Não, Kaspar Hauser não é um filho da natureza. Nem um filho da cultura. O “não” aqui significa “não apenas”; nec natura nec cultura – Kaspar Hauser é uma simbiose desesperada e teimosa de ambas. Foi com um atraso de 16 anos que ele pôde ensaiar uma compreensão maior de seus pares, o que certamente não foi confortável, já que ele chegou a preferir sua casa à festa oferecida pelo conde Stanhope. Mesmo assim, com o pouco de cultura que respirou, conseguiu atentar um pouco para a mesquinhez de seus pares, que insistiam em manter essa dicotomia (e que prolongamos até hoje); e, após sua morte, foi a vez de eles entenderem um pouco melhor a dificuldade desse homem: analisando o cerebelo dilatado e o cérebro degenerado, é provável que eles hajam chegado à conclusão de que a natureza do homem que tinha dificuldades em absorver a cultura de sua época e lugar foi, na verdade, tolhida pela brutalidade de um pai perverso e por essa cultura inconseqüente.

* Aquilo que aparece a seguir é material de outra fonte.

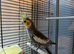Adult pair of cockatiels for sale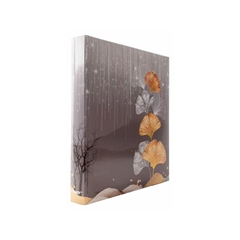 Foto album Ginko 1, 500 slik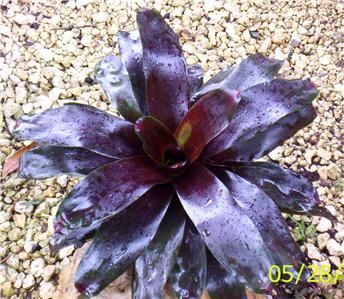 HUGE BROMELIAD NEOREGELIA ROYAL BURGUNDY LIVE TROPICAL PLANT  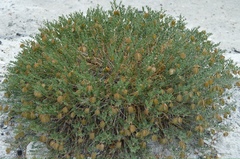 Zygophyllum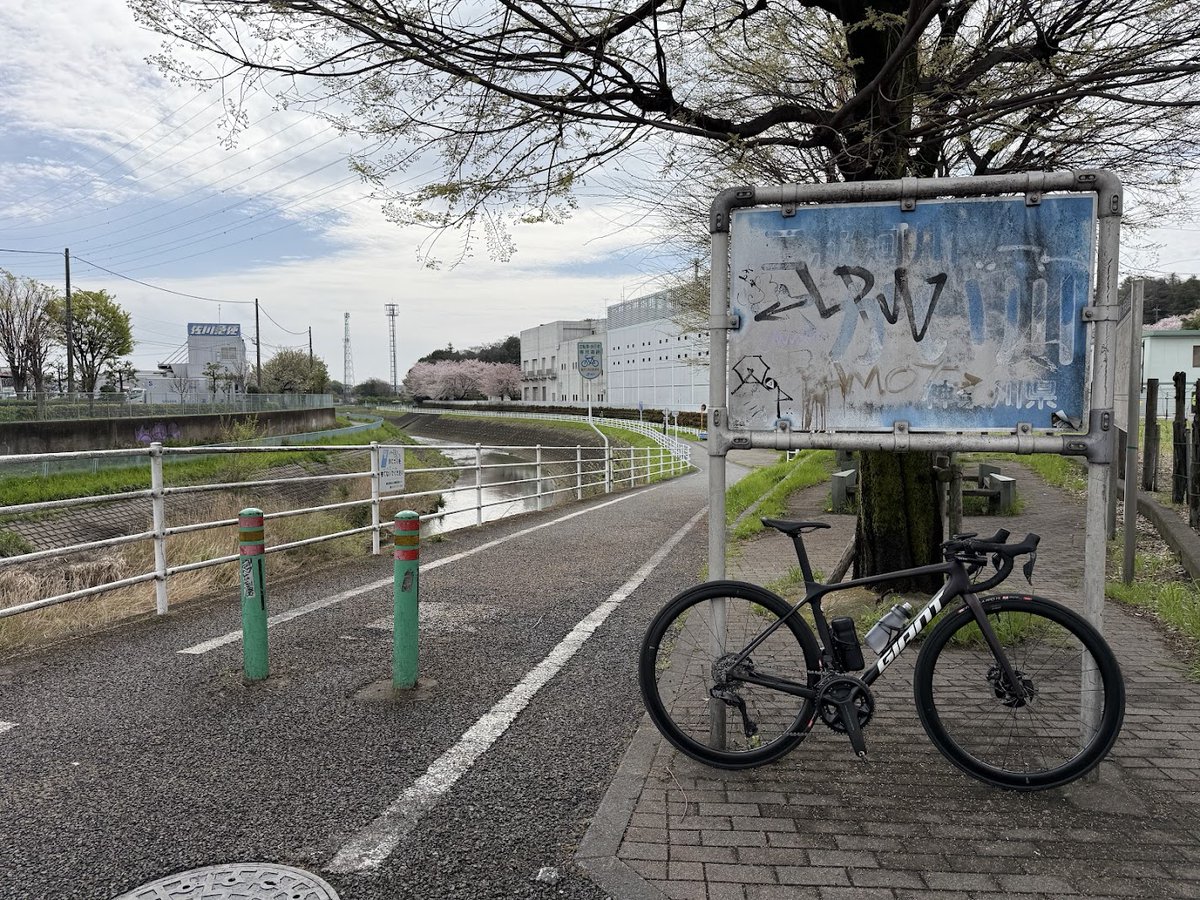 やました tweet media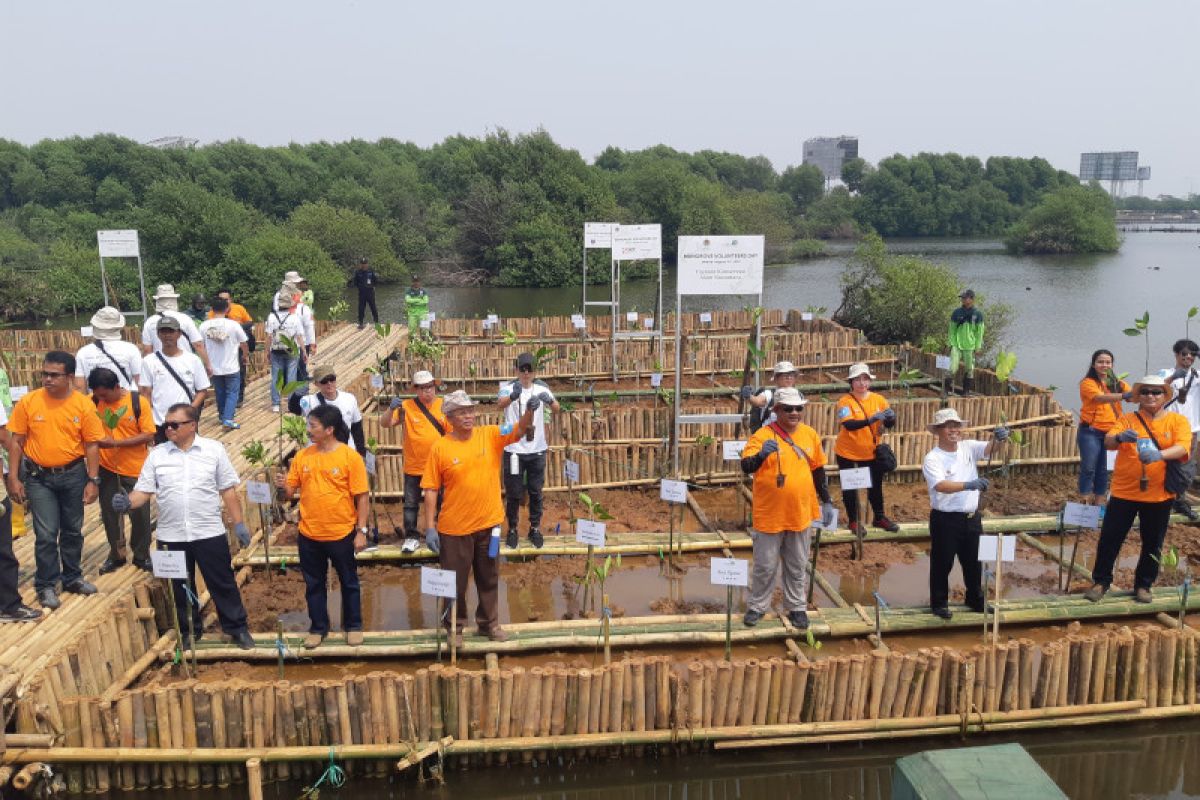 BKSDA DKI Jakarta dan YKAN gelar mangrove volunteers di Muara Angke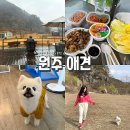 애견사랑 | 원주 애견운동장 ‘뛰어멍’ 후기｜2000평 초대형 잔디 + 독채 글램핑까지! 소형견 천국 발견✨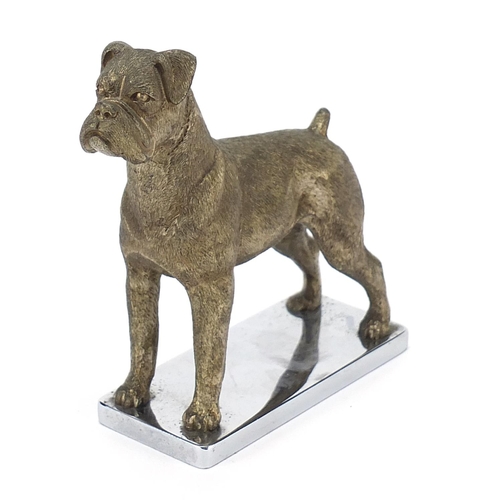 425 - Vintage silvered chrome Boxer dog car mascot, 11cm high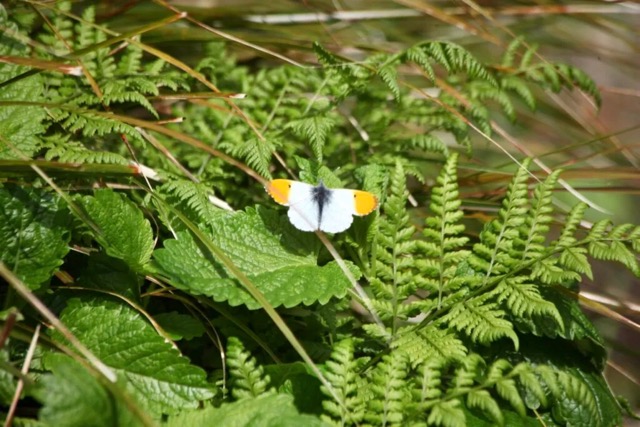 Orange tip butterfly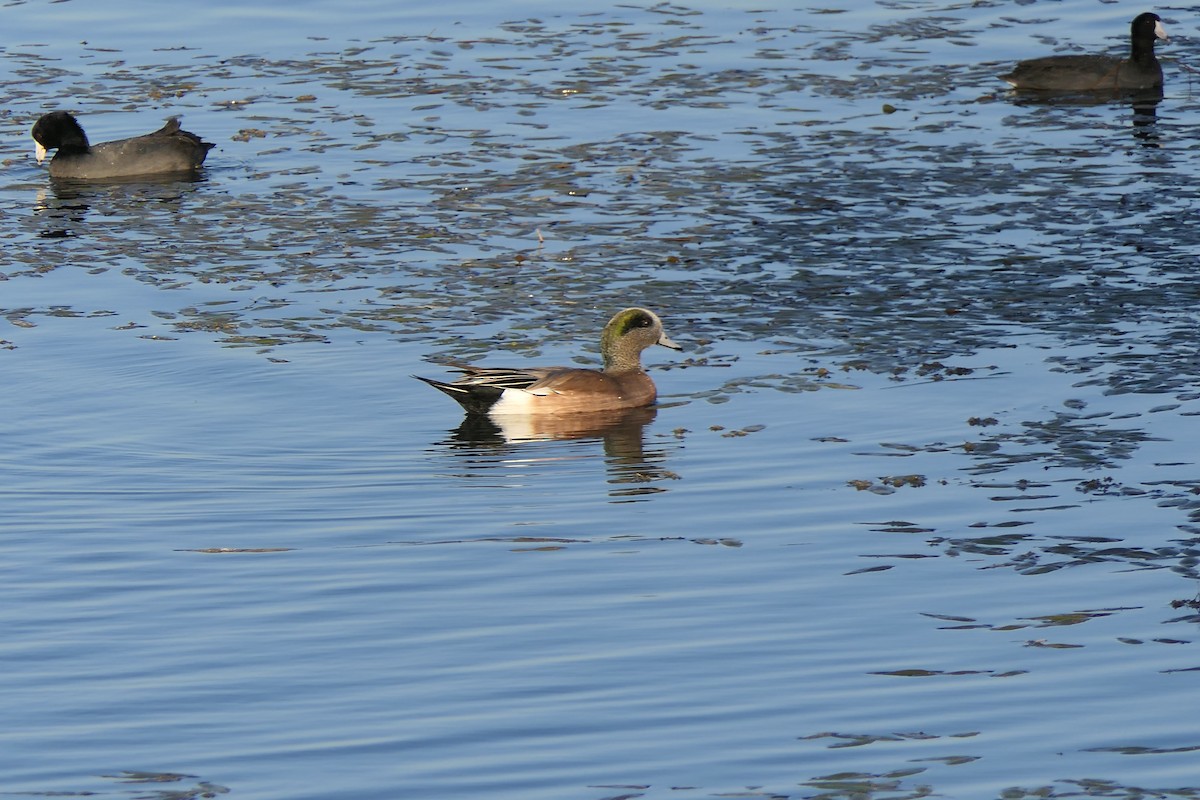 ברווז אמריקני - ML644629665
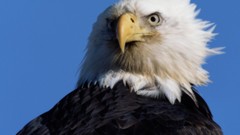 Nature Birds bald Eagles bald eagles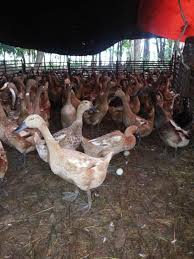Gambar gambar tangan berdarah terlihat keren gratis. Memperpanjang Masa Bertelur Itik Pintar Beternak Bebek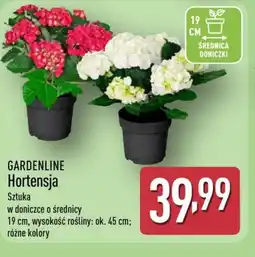 ALDI Gardenline Hortensja oferta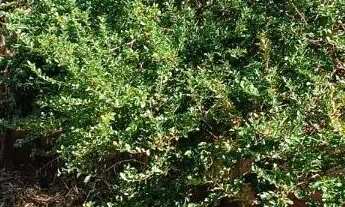 Imagem 6: TERRENO - JARDIM ANHANGÜERA - SP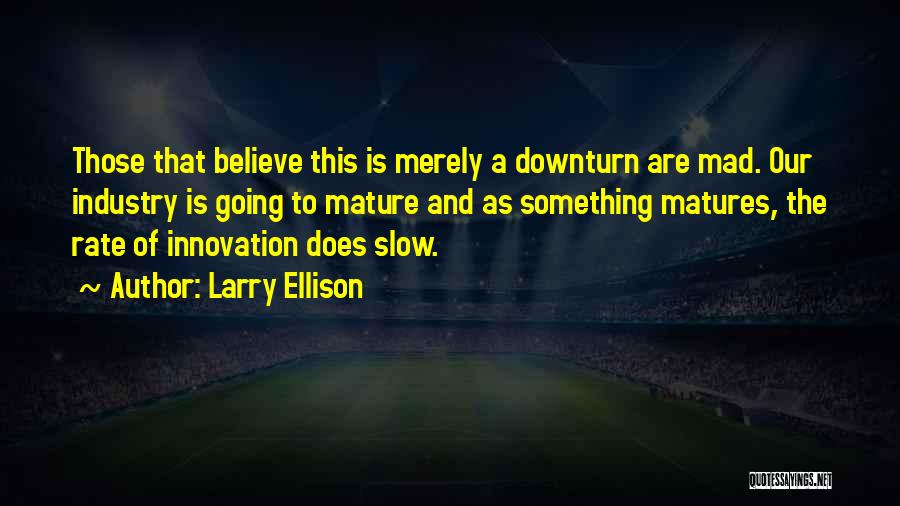 Larry Ellison Quotes: Those That Believe This Is Merely A Downturn Are Mad. Our Industry Is Going To Mature And As Something Matures,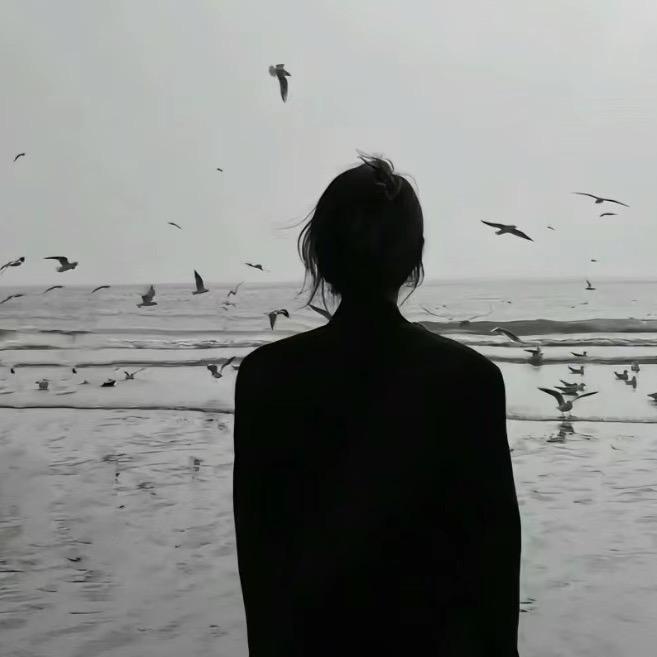 上海16仓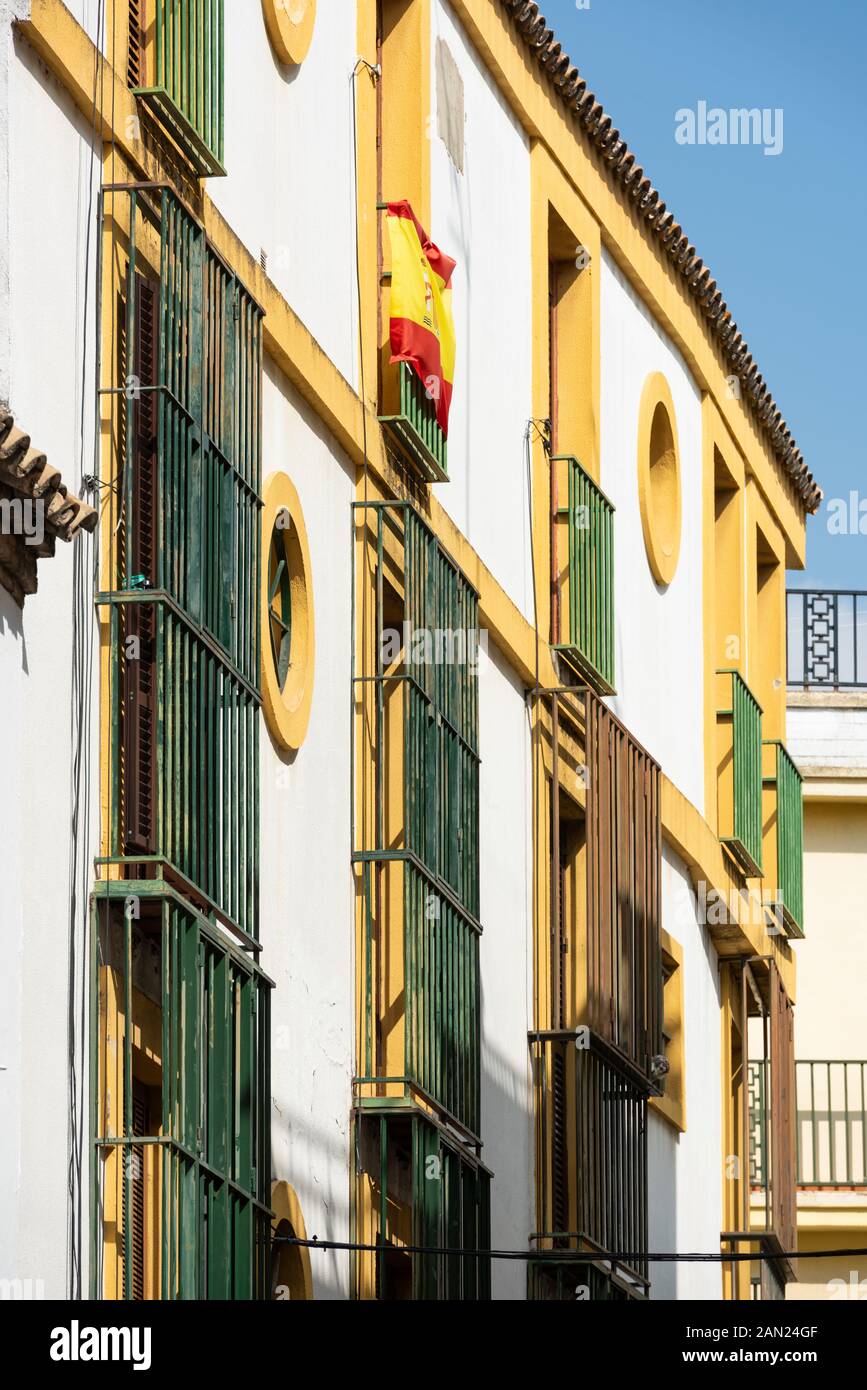 Il sole del primo pomeriggio illumina le griglie verdi luminose che coprono le finestre incorniciate di giallo in un edificio imbiancato in Calle Bustos Tavera, Siviglia Foto Stock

P.S.: Para quem tem um pouco mais de curiosidade sobre o personagem: http://pt.wikipedia.org/wiki/Kaspar_Hauser

Um comentário:

Anônimo disse...

Lázaro, amei este texto, muito interessante. Acredito que os dois lados erram feio ao estabelecer estas dicitomias. E este filme dá muitas discussões, e a sua foi interessantíssima. Parabéns, lindo.